Platform : Fedora Linux 4.1.13-100.fc21.x86_64
Nvidia Driver : 367.44
CUDA Driver Version/RT Version: 8.0/8.0
Compute Capability : 5.2
Here I have found a weird behaviour of CUDA. Following is the pseudocode.
int Main() {
int nstreams = 2;
cudaStream_t *streams = (cudaStream_t *) malloc(nstreams * sizeof(cudaStream_t));
for (int i = 0; i < nstreams; i++)
{
checkCudaErrors(cudaStreamCreateWithFlags(&streams[i], cudaStreamNonBlocking));
}
cudaEvent_t* kernelevents = (cudaEvent_t*)malloc(nstreams * sizeof(cudaEvent_t));
for(int i = 0; i < 2; i++) {
checkCudaErrors(cudaEventCreateWithFlags(kernelevents + i, cudaEventDisableTiming));
}
clock_block<<<1,1,0,streams[0]>>>(100 * 1000 * 1000); //run approix 100 ms
cudaEventRecord(kernelevents[0], streams[0]);
cudaError_t cudastatus;
while(true){
clock_block<<<1,1,0,streams[1]>>>(20 * 1000 * 1000); //run approix 20 ms
std::this_thread::sleep_for(std::chrono::milliseconds(20)); //wait for 20 ms before issuing another kernel launch operation
if( (cudastatus = cudaEventQuery(kernelevents[0])) == cudaSuccess) break;
}
}
void clock_block(clock_t clock_count){
unsigned int start_clock = (unsigned int) clock();
clock_t clock_offset = 0;
while (clock_offset < clock_count)
{
unsigned int end_clock = (unsigned int) clock();
clock_offset = (clock_t)(end_clock - start_clock);
}
}
When waiting for 20ms before issuing another kernel launch on streams 14, the profiler will give this:
In which you can see that the operation has been issued by host thread yet not been executed by the GPU until the persistent kernel launched by stream 13 finished.
When setting the waiting period to 10ms, we have following:
More kernels launched by stream 14 can be executed while the persistent kernel running, but still, the last kernel launched by stream 14 has to wait to be executed after the finish of the persistent kernel.
However, if we set the running period of the persistent kernel to 60ms, the repeatedly launched kernel remains 10ms, and the waiting period is 10ms as well.
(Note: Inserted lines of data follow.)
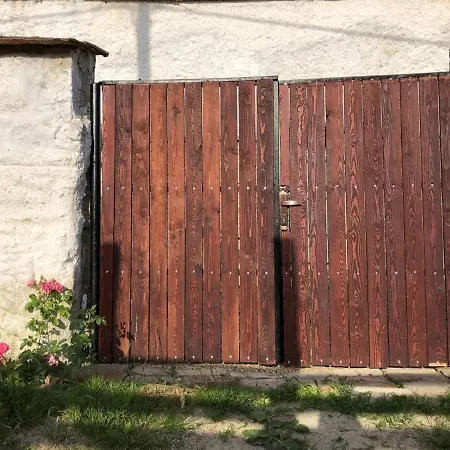 Kakukkfu Barlang-vendeghaz Lodge *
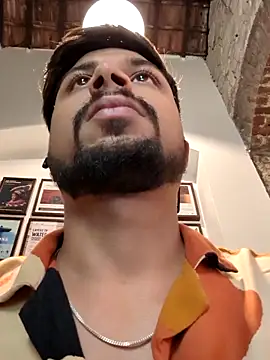 _IRRESISTIBLE_ live sex cam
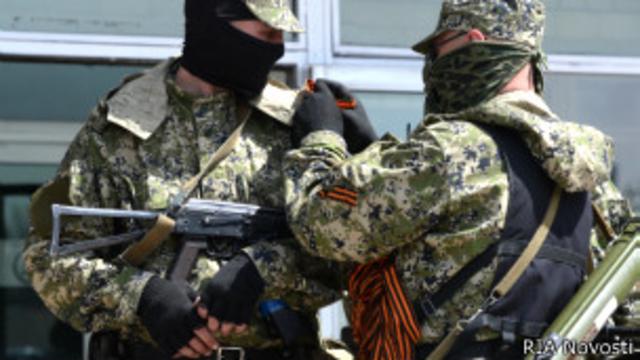 Пророссийские ополченцы повязывают друг другу георгиевские ленточки возле занятого ими здания горсовета Константиновки (28 апреля 2014 г.)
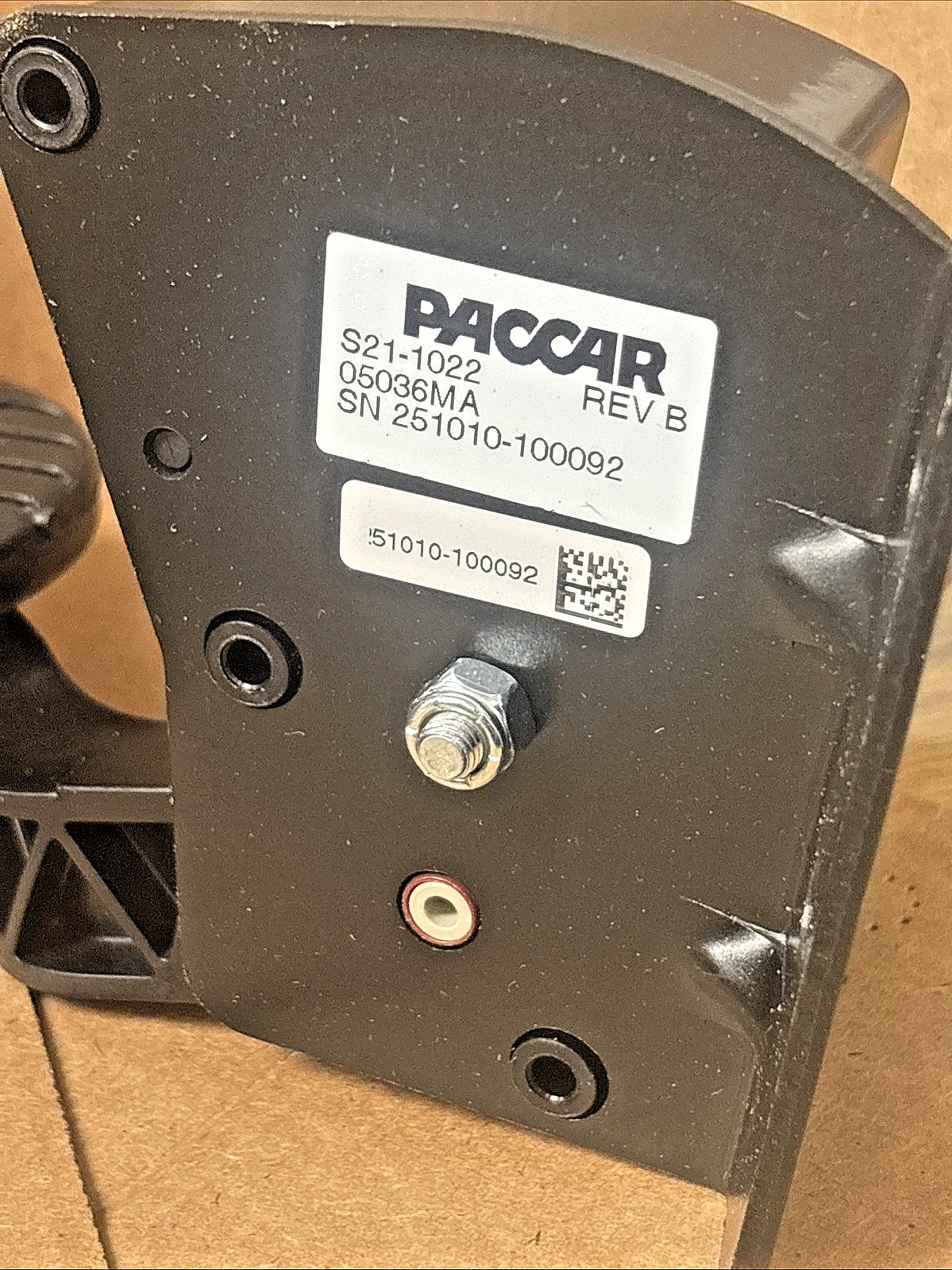 ~NEW GENUINE PACCAR OEM ELECTRIC THROTTLE ACCELERATION PEDAL ASSEMBLY ~ S21-1022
We will have following:
The concurrency appears correctly finally.
My thought is that the resources used to launch kernel is used up and the GPU scheduler has to wait for the release of resources from the termination of the persistent kernel so that it could launch another kernel from a different stream. However, with using only a handful of blocks, the SM should not be used up to get itself in the way of the appearance of concurrency.
Anyone has any idea about what is happening here?
Thank you